Leicester Square Triology 1 – The odd tube roundel

IMG 4176 - Leicester Square Triology 1 - The odd tube roundel
IMG 5341 - Leicester Square Triology 1 - The odd tube roundel

Leicester Square tube has what can be said to be a fairly unusual London Underground symbol.

Its just like the rest, round, and its special, has the old style Johnson typeface pre 1930’s. Very unusually in terms of tube history these older roundels were introduced in 1935 (which by then was by then the modern Johnson typeface era) when the new Leicester Square tube ticket office and entrances were opened.

Whats different with this compared to the others?

IMG 4176 - Leicester Square Triology 1 - The odd tube roundel

The current roundel above the south east Charing Cross Road entrance.

Well its thin compared to other LT tube roundels. Usually they are quite full in the middle, but this one is lean, thin, as if it has seen better days. Its sort of what is a size zero tube roundel. All the other Leicester Square tube roundels are of the standard type – as well as those right across the tube network.

Its a very large one and possibly its uber-sized credentials meant it had to be somewhat thinner than usual. Perhaps this was done due to considerations of weight? Its a rarely used design – here’s a LT Museum pic for c1933 showing the same styling.
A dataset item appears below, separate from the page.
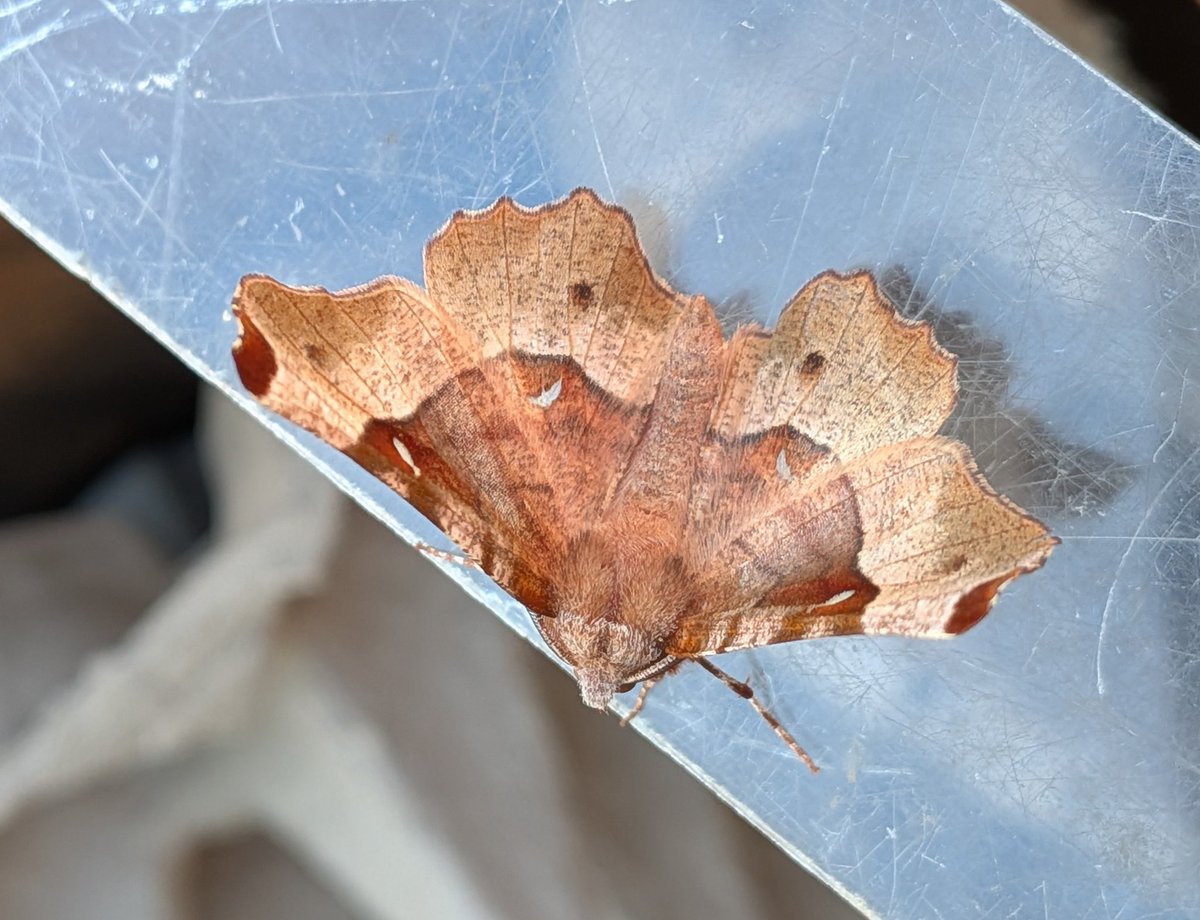 ManfromMarton's tweet image. Purple Thorn (Selenia tetralunaria) was new for year in garden here at Marton (Lincs) last night. Such a smart looking #moth @savebutterflies #mothsmatter @BNAscience @LincsWildlife @Buzz_dont_tweet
uxbridge - Leicester Square Triology 1 - The odd tube roundel
Uxbridge tube station roundel – Source: Wikipedia

Compared to other tube roundels this has the unusual distinction of white bordering on both sides of the girth. Others of similar vintage have a single one white border on the outside circumference. As far as I know there are just a handful of other places where tube roundels are bordered white on both sides, including at Cockfosters and Uxbridge. Their roundels are of normal girth hence the Leicester Square one remains unusual.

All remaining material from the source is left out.